Alessandro Benetton, the recently appointed heir of the Italian clothing and accessories major, the Benetton Group, aims to act like the 'conductor of an orchestra' for the organisation, which is trying to make a seamless transition to the second generation.
Amid a deepening European
crisis, the new chairman is considered tough enough to introduce bold changes in product and strategy to revive the sinking business.
The son of Luciano Benetton, founder of the group, Alessandro set up his own private equity firm - active in the private equity field in Italy and France, with assets of over €1.3 billion - before joining the family group.
A Harvard alumnus, Alessandro started his career with Goldman Sachs International, as a mergers and acquisitions analyst.
What is leadership for you?
I believe the role of leadership today should be one of guidance. A leader must not only take responsibility for decision-making, but also create organisations in which knowledge is widespread, so people can work together to build value and develop the business.
Who inspires you?
First Luciano, for his driving innovation and far-sightedness. And also the American management guru, Michael Porter, my mentor at Harvard, where I received my MBA education. Good role models are very important, though you have to be able to find your own way in life and have the courage to be yourself.
The euro zone is under pressure, the economy is sinking. How do you handle the bad economic scenario, especially when your performance is constantly being watched?
It's important, in my opinion, to view this period of crisis not least as an opportunity to rethink and improve our system so that we'll be ready and prepared when economic conditions improve. It's at times of discontinuity such as these that companies like ours can reflect on their position and launch a new business direction. It's also true, unfortunately, that society today is used to expecting results in the very short term, whereas generating solutions to more complex organisational issues requires planning and a greater amount of time.
Is there a difference in the style of a leadership for those who manage a family business and for those who lead an organisation on a salaried basis?
There may be a difference in the passion for your work, which, in the case of a family business, is felt as a manifestation of a business culture that you have always been part of. Having roots and traditions is important to help you look to the future and create new chapters in your story.
What is the best leadership decision that you have taken so far?
Only time will tell if a decision was a good one or not. In this regard, I think delisting was a major step for the future of Benetton Group. We decided to delist from the Milan stock exchange to avoid a routine mind-set and realign this aspect, too, to fit the long-term perspective in which we operate.
..And your worst decision?
I wouldn't be a very shrewd leader if I were to admit one…
Being a leader of a giant apparel fashion house, how do you keep yourself updated about on fashion around the globe - especially in countries like India with reserved cultures?
Apart from my personal interest, which makes me an attentive observer of trends, I travel around the world to get a sense of the up-coming fashion and lifestyle trends of young people. Life is one of our sources of inspiration, as are the arts, architecture and the web. They are all expressions of an increasingly global, interconnected world with which we have established a solid relationship. Regarding India, during my recent trip there I perceived a great enthusiasm for looking to the future, with far more confidence and energy than ever before.

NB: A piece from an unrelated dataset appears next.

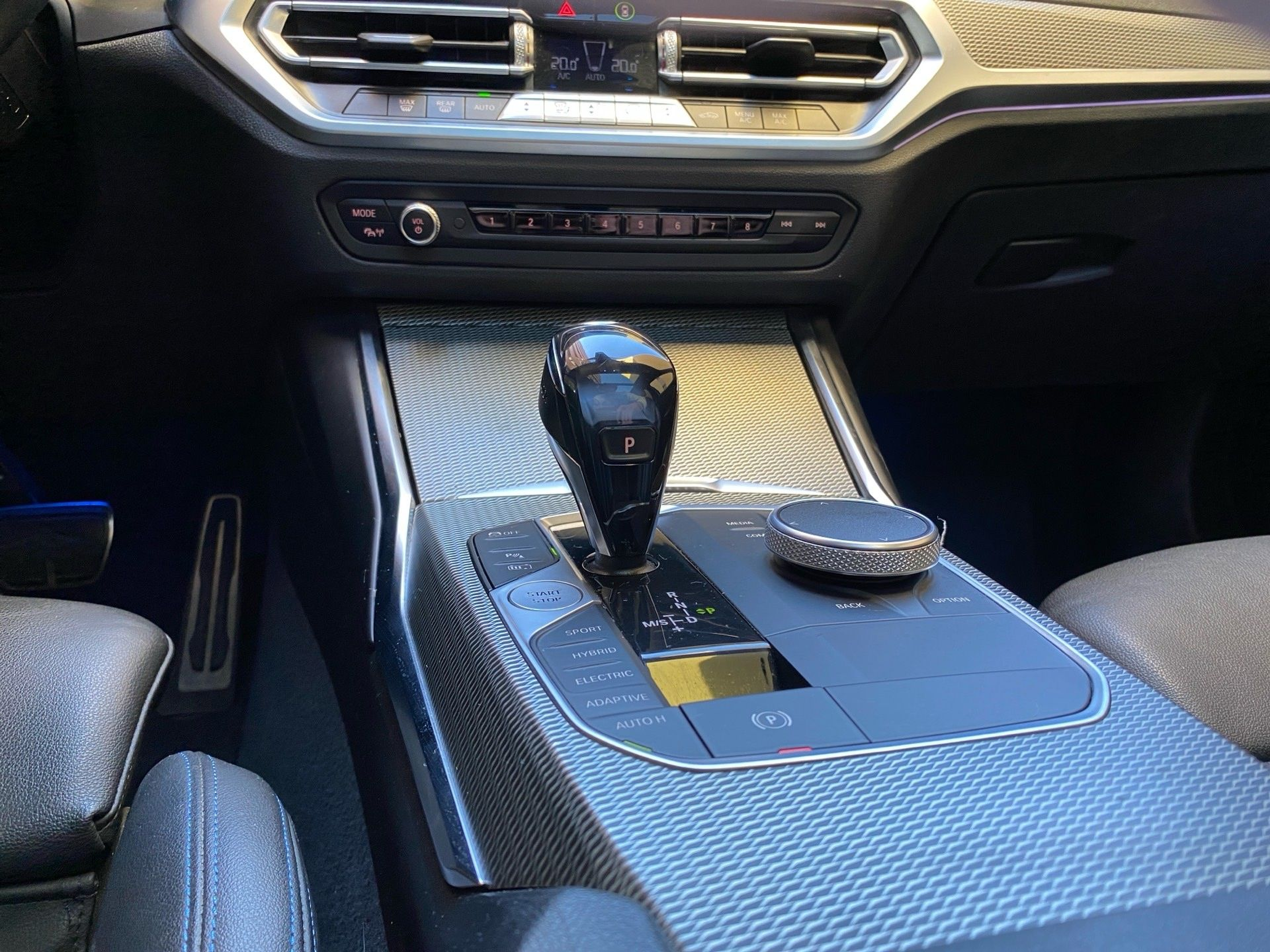 BMW Série 3 330e Touring color Gris. Año 2021. 215KW(292CV). Elétrico / Gasolina Híbrido. En concesionario Caetano Baviera Lisboa de Lisboa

You are both a Harvard graduate and the heir of a family run business. Do you think leadership runs in one's DNA or can be learnt in MBA institutes?
I think everything is talent , it's partly innate, and the rest is down to learning, commitment and a lot of hard work. And, being aware that a day you learnt something new is a day well spent.
Are you open to debates on your decisions with your co-workers?
Sharing, and respecting others' opinions are fundamental teamwork values. It's important to listen to one's co-workers' comments and opinions. Then, you can decide on your priorities according to your conscience and competence.
What is your leadership mantra?
I think there's more than one. Firstly, leadership consists of the ability to make decisions and shoulder responsibility. Secondly, as I said before, it is also the ability to create organisations that generate ideas and creativity. Then, the capacity to work in a team and making teamwork a vital tool to manage an increasingly complex business world.